29. The circuit board of claim 28, wherein the second via electrode, the fourth via electrode, the sixth via electrode, and the eighth via electrode overlap along the vertical direction.

30. The circuit board of claim 11, further comprising: a bonding part disposed on the fourth electrode; and an interposer or semiconductor device disposed on the bonding part, wherein the bonding part and the fourth via electrode extend in different directions from the fourth electrode.

Description

DESCRIPTION OF DRAWINGS

[0035] FIG. 1a is a cross-sectional view showing a semiconductor package according to a first embodiment.

[0036] FIG. 1b is a cross-sectional view showing a semiconductor package according to a second embodiment.

[0037] FIG. 1c is a cross-sectional view showing a semiconductor package according to a third embodiment.

[0038] FIG. 1d is a cross-sectional view showing a semiconductor package according to a fourth embodiment.

[0039] FIG. 1e is a cross-sectional view showing a semiconductor package according to a fifth embodiment.

[0040] FIG. 1f is a cross-sectional view showing a semiconductor package according to a sixth embodiment.

[0041] FIG. 1g is a cross-sectional view showing a semiconductor package according to a seventh embodiment.

[0042] FIG. 2a is a cross-sectional view showing a circuit board according to a first embodiment.

[0043] FIG. 2b is a cross-sectional view showing a circuit board according to a second embodiment.

[0044] FIG. 3 is a drawing for explaining a problem of a circuit board according to a prior art.

[0045] FIG. 4 is a cross-sectional view showing an arrangement structure of an electrode part according to a first embodiment.

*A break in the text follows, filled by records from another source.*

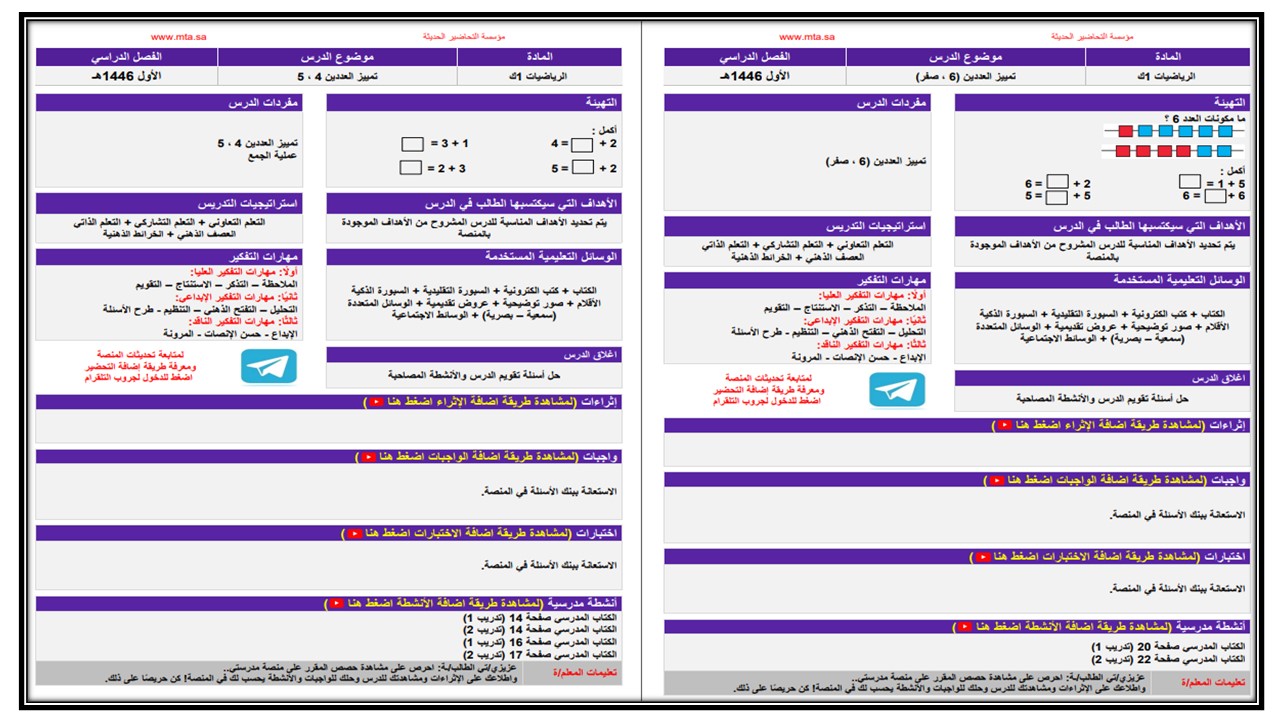 تحضير رياضيات الصف الأول التعليم المستمر الفصل الاول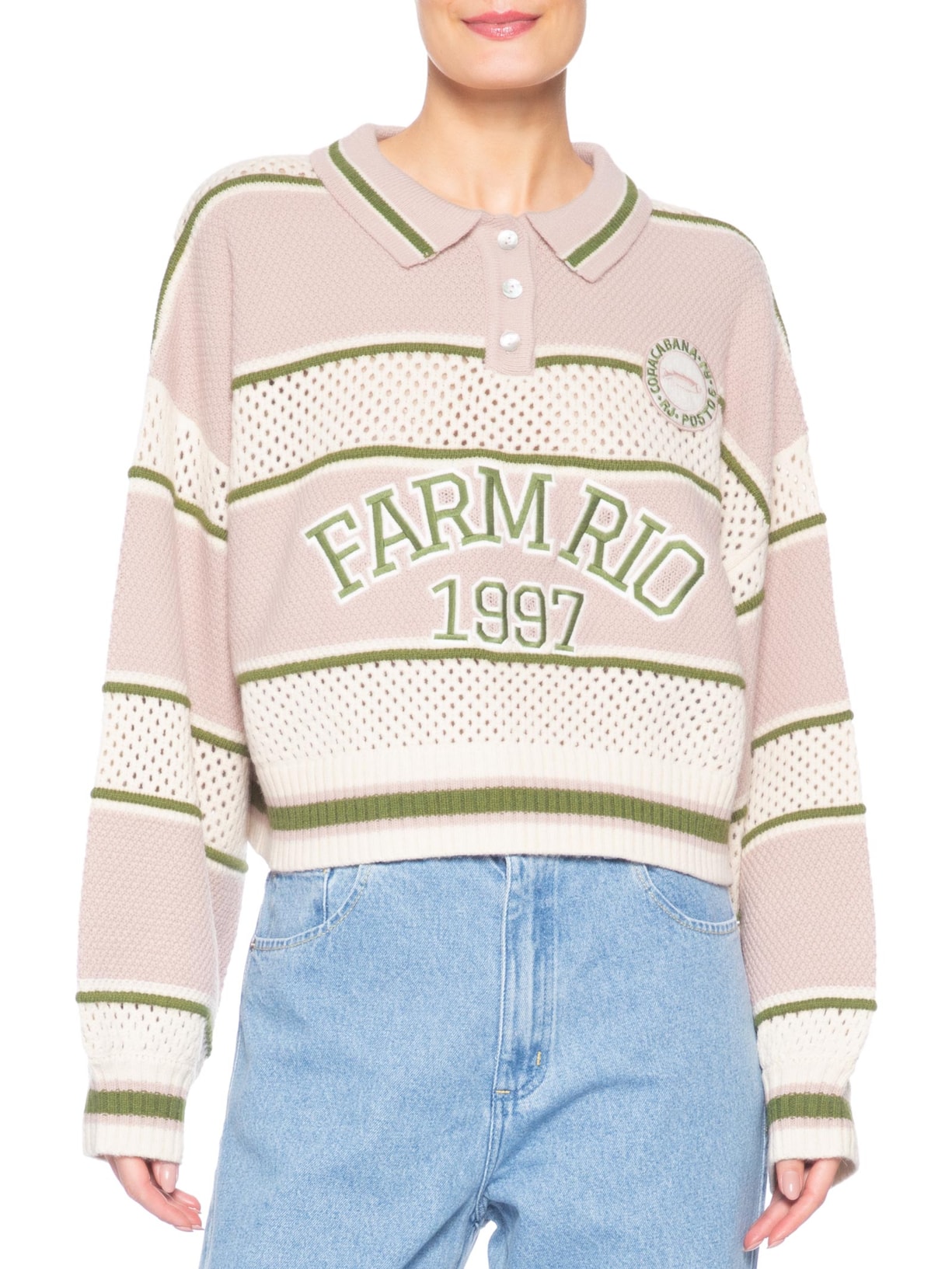 Casaco Feminino Cropped Tricot Listra Rosa Farm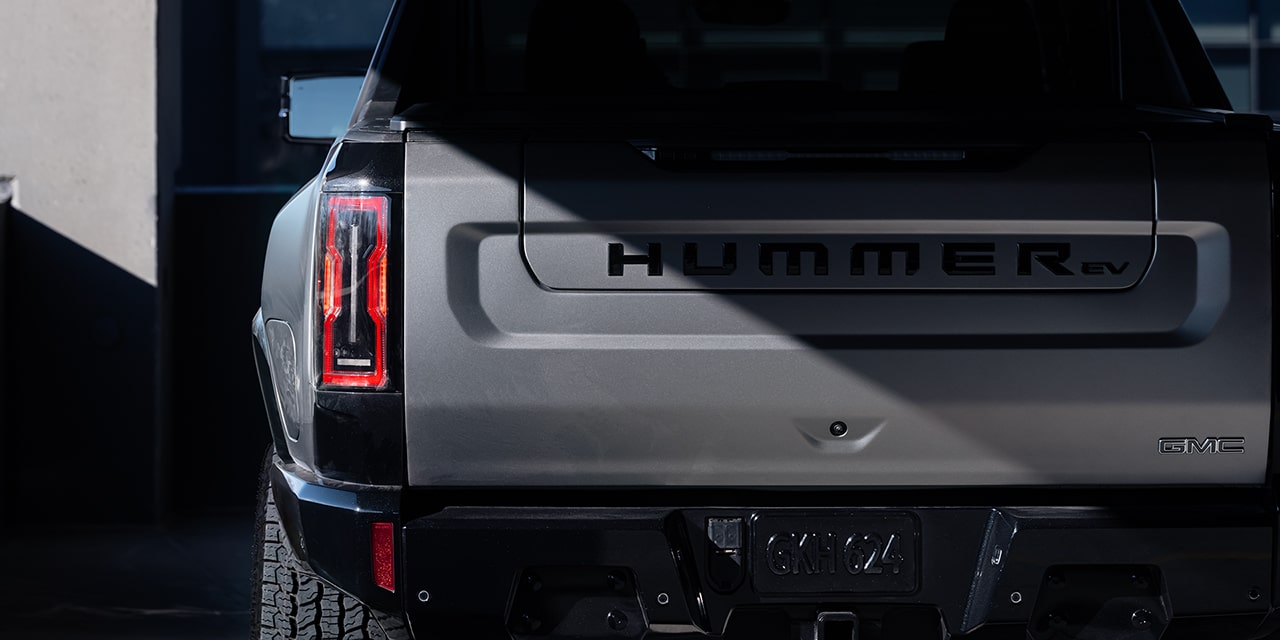 Close-up of a Shadow Going Over the 2026 GMC HUMMER EV Tailgate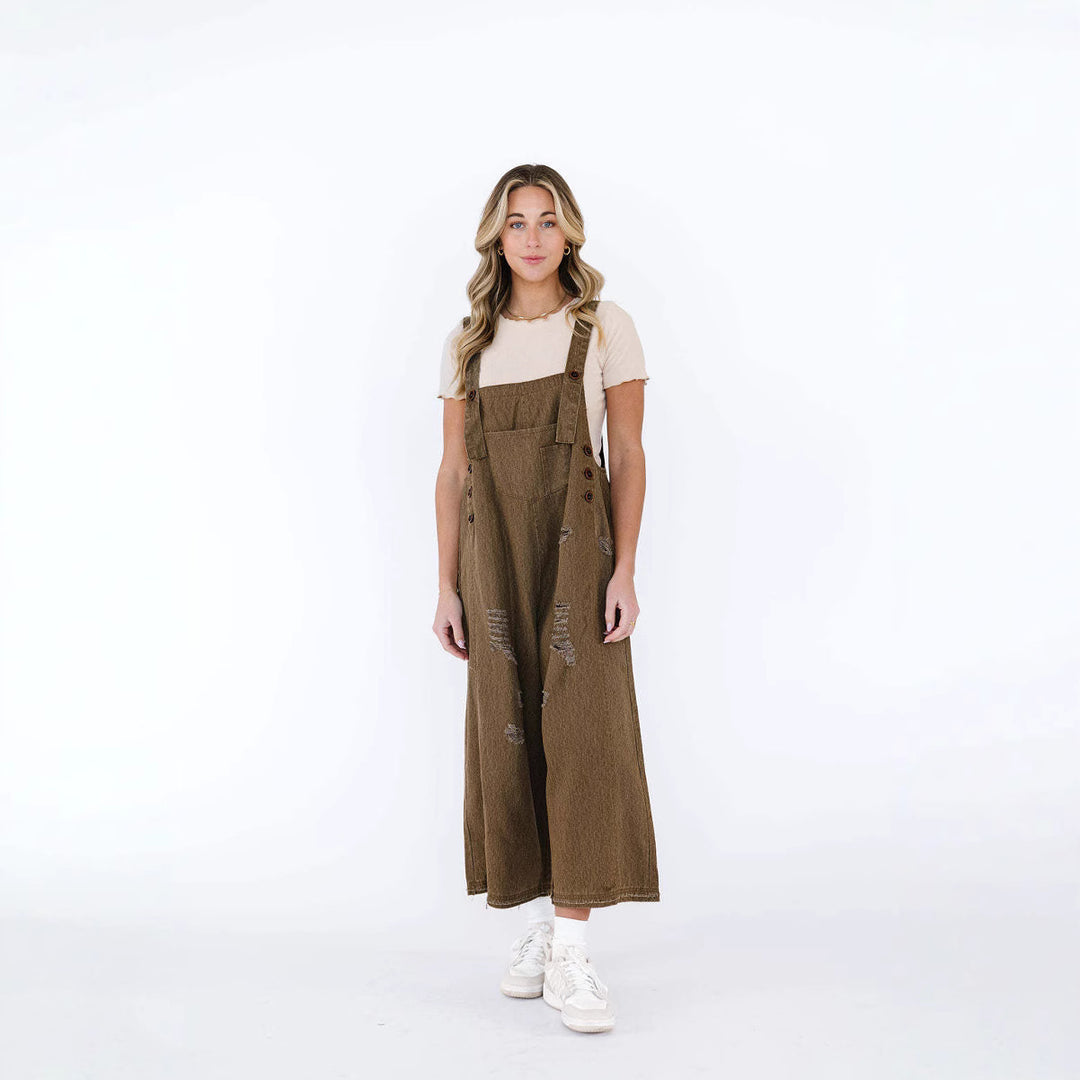 Damen nan lässige verwaschene Latzhose aus Jeansstoff mit Rissen und weitem Bein Echo Archiv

[0046] FIG. 5 is a cross-sectional view showing an arrangement structure of an electrode part according to a second embodiment.

[0047] FIG. 6 is a cross-sectional view showing an arrangement structure of an electrode part according to a third embodiment.

[0048] FIG. 7 is a cross-sectional view showing an arrangement structure of an electrode part according to a fourth embodiment.

[0049] FIG. 8a is a plan view for explaining an arrangement structure of an electrode part according to an embodiment.

[0050] FIG. 8b is a cross-sectional view for explaining an arrangement structure of an electrode part according to an embodiment.

[0051] FIG. 9 is a cross-sectional view showing an arrangement structure of an electrode part according to a fourth embodiment.

BEST MODE

[0052] Hereinafter, exemplary embodiments of the present invention will be described in detail with reference to the accompanying drawings, wherein like reference numerals are used to designate identical or similar elements, and redundant description thereof will be omitted. The suffix module and portion of the components used in the following description are only given or mixed in consideration of ease of preparation of the description, and there is no meaning or role to be distinguished as it is from one another. Also, in the following description of the embodiments of the present invention, a detailed description of related arts will be omitted when it is determined that the gist of the embodiments disclosed herein may be obscured. Also, the accompanying drawings are included to provide a further understanding of the invention, are incorporated in, and constitute a part of this description, and it should be understood that the invention is intended to cover all modifications, equivalents, or alternatives falling within the spirit and scope of the invention.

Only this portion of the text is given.